Mengutip laporan Center on Food Security and the Environtment Stranford University tahun 2016, Mendag mengatakan, sejak  tahun 2001-2010 industri sawit Indonesia telah menjadi sumber mata pencaharian utama bagi 21 juta penduduk Indonesia.

Industri sawit  mendorong pertumbuhan ekonomi bagi 5.3 juta pekerja yang bergerak di bidang produksi sawit dan mampu mengeluarkan 10 juta masyarakat Indonesia dari ancaman kemiskinan. “Bahkan industi ini  berhasil mengangkat perekonomian 1,3 juta masyarakat miskin yang berada di area perdesaan di Indonesia,” kata Enggar.

Mendag memastikan, perkebunan  sawit bukan penyebab terbesar deforestasi dunia. Berdasarkan data The Impact of EU Consumption on Deforestation tahun 2013, sektor pertanian kacang kedelai (19%) dan jagung (11%) merupakan kontributor deforestasi di dunia. Perkebunan sawit hanya  berkontribusi 8% dari total deforestasi secara keseluruhan.  

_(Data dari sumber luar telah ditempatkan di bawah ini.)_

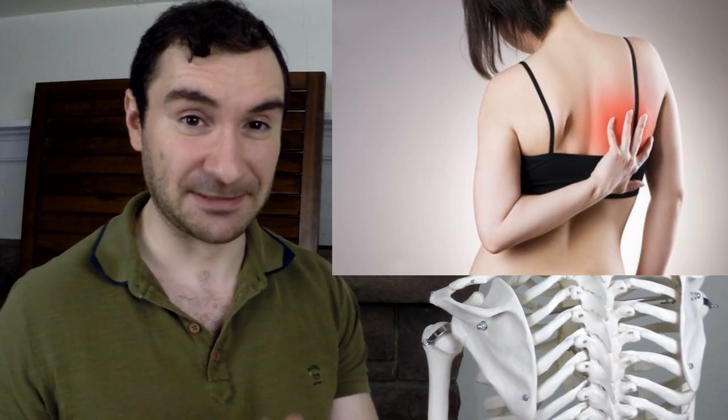Your shoulder blades are normally held against your ribcage, however when they wing they begin to come off your ribcage and it kind of looks like bird wings sticking out from your back. This can cause problems like shoulder instability, shoulder blade pain, and it can lead to shoulder injuries over time.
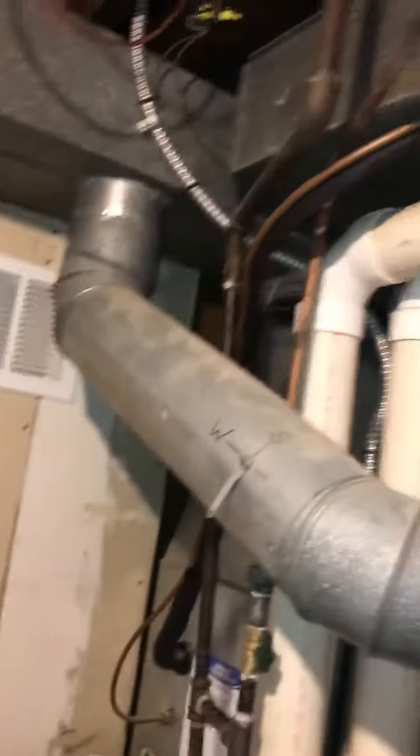The line set is just running around and making its way out to the other side — that's a real short run, probably less than 15 feet by the time it drops down. So we'll replace the line set. New filter — we'll go with the wide filter.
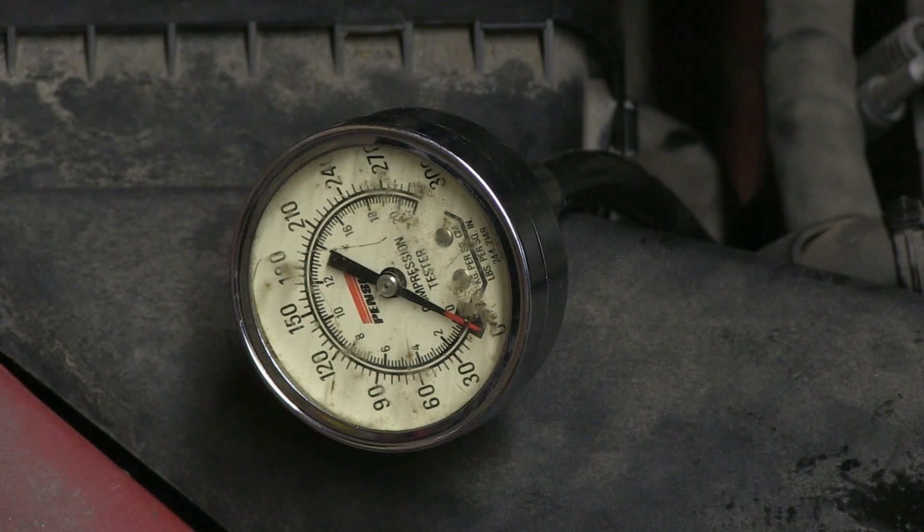So the verdict is in. Cylinder 3 has got major problems.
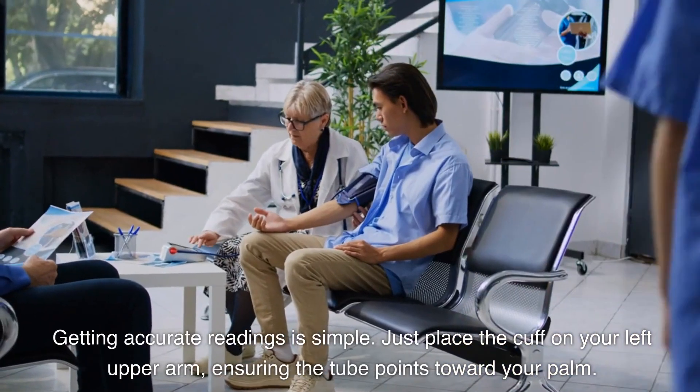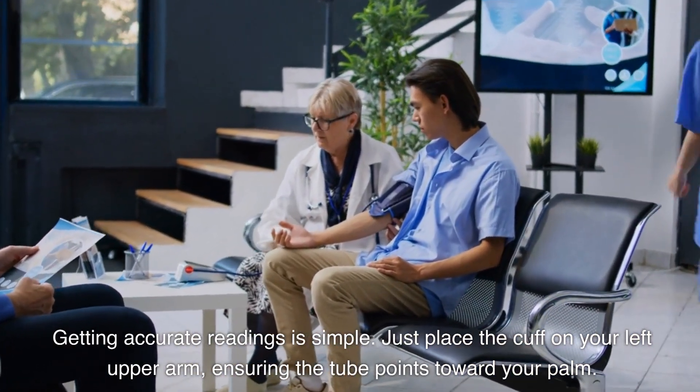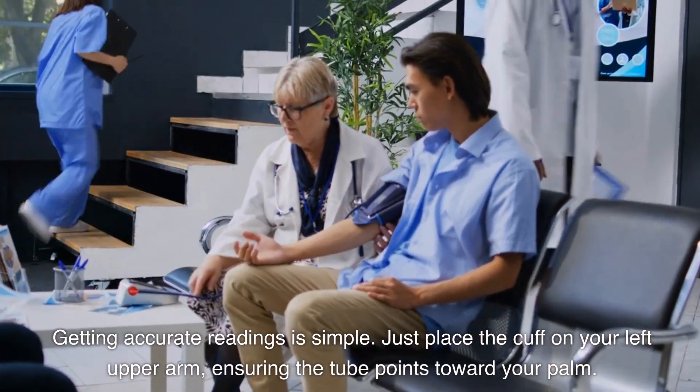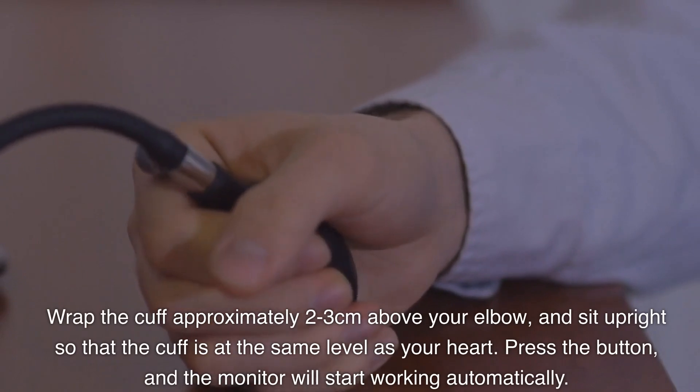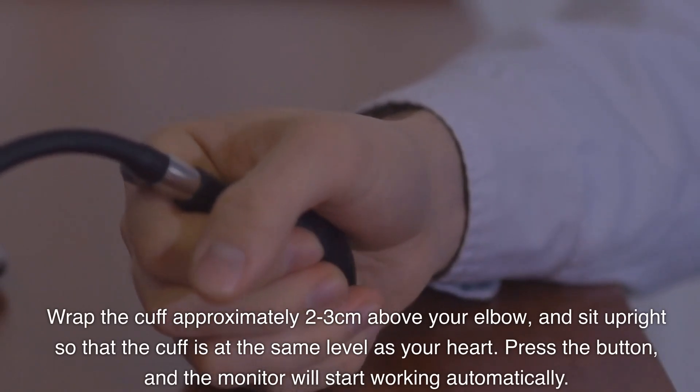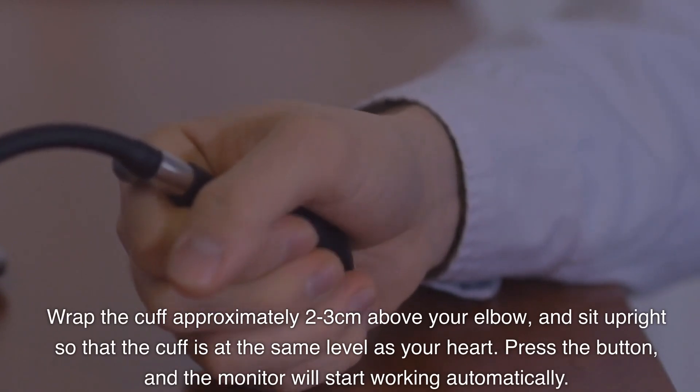Getting accurate readings is simple. Just place the cuff on your left upper arm, ensuring the tube points toward your palm. Wrap the cuff approximately 2–3cm above your elbow, and sit upright so that the cuff is at the same level as your heart. Press the button, and the monitor will start working automatically.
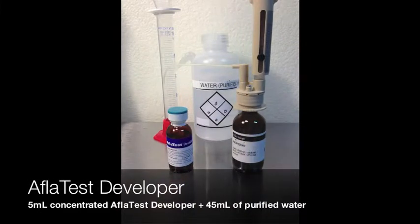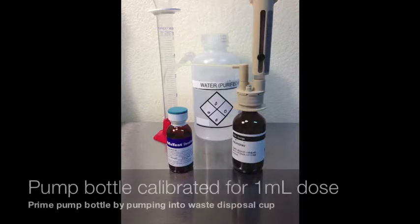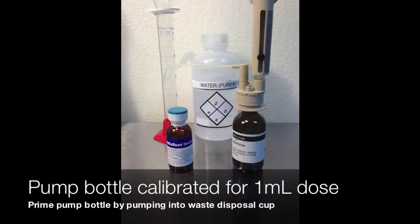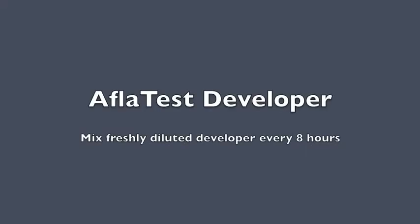Afla Test Developer is five milliliters of concentrated Afla Test Developer and 45 milliliters of water, and is good for eight hours. Be sure to use proper measuring technique and measure from the bottom of the meniscus when measuring out the 45 milliliters of water. Never measure from the top — this will produce an incorrect result. Afla Test Developer can be kept in the pump bottle for up to eight hours. Prime the pump by dosing twice into the waste collection cup.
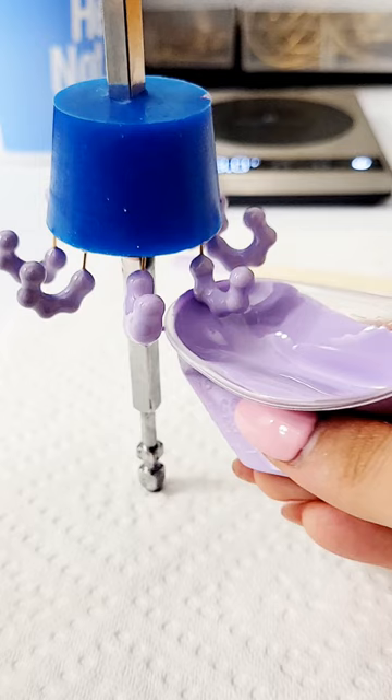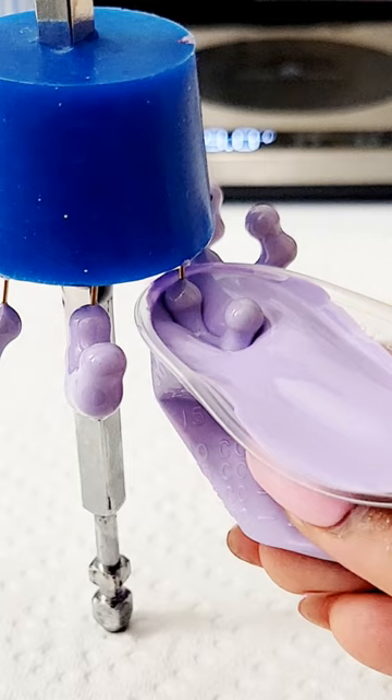The enamel paint is a pretty thick consistency, almost like honey if it was watered down just a little bit.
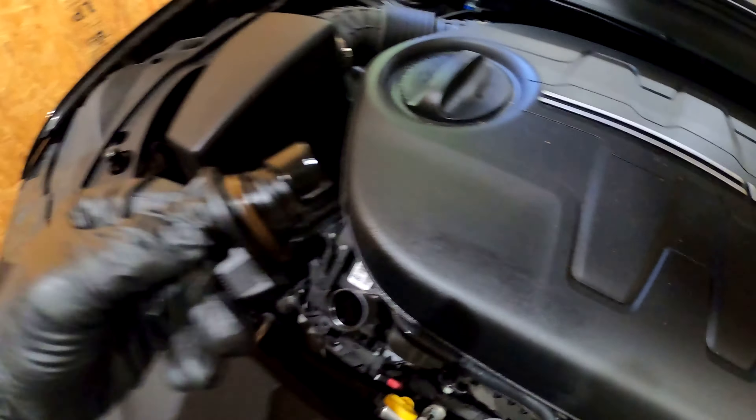Now we'll move inside the Jeep to reset the oil life percentage. Click down on your keypad until you see Vehicle Information, then keep clicking left or right until you see the Oil Life. Press down the OK button until it fully resets — it's at 100 now. You're done, thanks for watching.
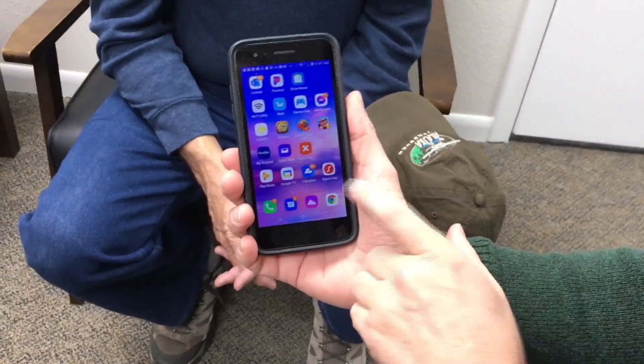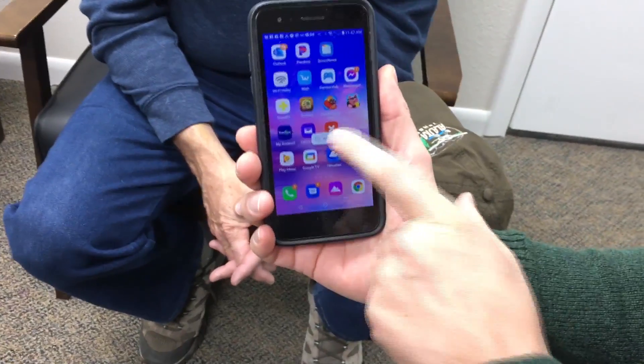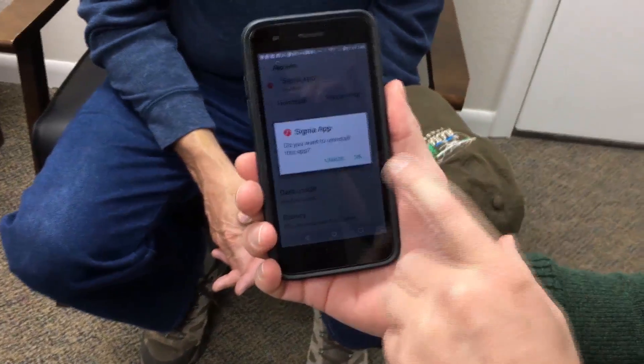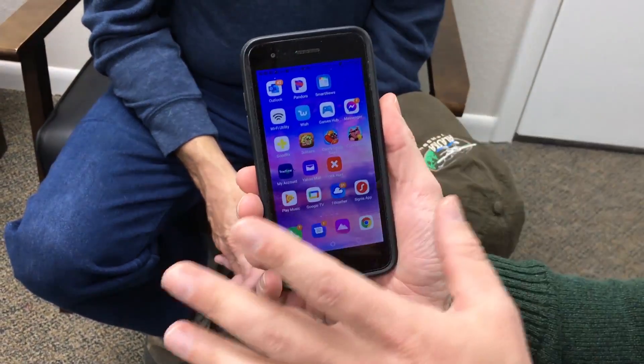Here is his app on his phone. What we're going to do is push and hold, and then hit App Info. We can then uninstall the app. It asks just to be sure, so we'll say OK, and let it go ahead and delete.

Mendag memastikan, pemerintah akan fokus untuk peningkatan produktivitas sawit dengan menjaga asas peningkatan kesejahteraan masyarakat dan kualitas lingkungan hidup. Terlebih lagi, berdasarkan data statistik, hingga saat ini 41% perkebunan sawit rakyat  dimiliki  petani kecil. ”Ini berarti, kebergantungan ekonomi industri sawit terhadap perkebunan plasma rakyat sangat tinggi,” katanya.

Di tahun 2017, pemerintah telah memperkenalkan, program Petani Menanam. Program ini bertujuan untuk membantu petani kecil meningkatkan produktivitas dari saat ini sekitar  3 ton/ ha/ tahun menjadi 5-6 ton/ per tahun.  Program tersebut dimulai dengan melakukan replanting terhadap 20.000 ha lahan sawit. Harapannya, luas lahan tersebut bertambah menjadi 750.360 ha di tahun 2022.

Mendag mengatakan, berdasarkan banyak kajian berkait dengan efek kelapa sawit terhadap penurunan kualitas kesehatan dan lingkungan hidup dari berbagai pakar, ternyata hasilnya adalah negatif. Para pebisnis industri kelapa sawit juga perlu melakukan kajian sama sebagai sebuah fakta  ilmiah untuk melawan berbagai isu negatif.

 “Jika isu negatif tersebut tidak sesegera mungkin dihalau, dikhawatirkan akan semakin massif, menyebar, meluas, dan semakin sulit untuk di-counter dan justru berimplikasi pada terjadinya sunset industry di sektor sawit," katanya.

Mendag memastikan, Pemerintah terus berupaya untuk memasifkan dan mendorong perjanjian perdagangan dengan berbagai negara, di mana Crude Oil Palm (CPO) menjadi prioritas dalam perjanjian perdagangan tersebut.(***)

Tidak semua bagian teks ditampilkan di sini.